Sensor torsi pengukur tekanan
Untuk mengukur momen gaya, elemen elastis sensitif dalam bentuk pegas atau poros tipis digunakan, yang dipelintir selama proses teknologi. Deformasi sudut elastis, yaitu sudut relatif awal dan akhir pegas, diukur dan diubah menjadi sinyal listrik.
Elemen elastis biasanya tertutup dalam tabung, salah satu ujungnya tetap diam, dan ujung lainnya terhubung ke sensor perpindahan sudut yang mengukur sudut perbedaan antara ujung tabung dan elemen yang dapat dideformasi.
Dengan demikian, diperoleh sinyal yang membawa informasi tentang besarnya torsi.Untuk menghilangkan sinyal dari pegas, kabel elemen penahan tegangan dihubungkan dengan cincin selip ke sikat.
Sensor gaya magnetostriktif
Ada juga sensor gaya dengan transduser magnetostriktif pengukur regangan. Digunakan di sini fenomena magnetostriksi terbalik (efek Villari), yang terdiri dari fakta bahwa ketika tekanan diterapkan pada inti yang terbuat dari paduan besi-nikel (seperti permaloid), permeabilitas magnetiknya berubah.
Kompresi longitudinal inti menyebabkan ekspansi loop histeresisnya, kecuraman loop berkurang, yang mengarah pada penurunan nilai permeabilitas magnetik, masing-masing - ke penurunan induktansi atau induktansi timbal balik dari belitan sensor.
Karena karakteristik magnetiknya non-linier dan juga karena fakta bahwa karakteristik tersebut dipengaruhi secara signifikan oleh suhu, maka perlu menggunakan rangkaian kompensasi.
Skema umum berikut berlaku untuk kompensasi. Inti magnetik magnetostriktif tertutup yang terbuat dari ferit nikel-seng dikenai gaya terukur. Inti seperti itu tidak mengalami tekanan gaya, tetapi belitan kedua kabel terhubung satu sama lain, sehingga terjadi perubahan EMF total.

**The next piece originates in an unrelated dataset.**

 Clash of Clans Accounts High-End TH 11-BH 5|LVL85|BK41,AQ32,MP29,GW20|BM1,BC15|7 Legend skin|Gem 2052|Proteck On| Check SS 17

Belitan primer identik dan dihubungkan secara seri, mereka ditenagai oleh arus bolak-balik dengan frekuensi dalam sepuluh kilohertz, sedangkan belitan sekunder (juga sama) dihidupkan secara berlawanan, dan dengan tidak adanya gaya deformasi, total EMF adalah 0. Jika tekanan pada inti pertama meningkat, EMF total pada keluaran tidak nol dan sebanding dengan deformasi.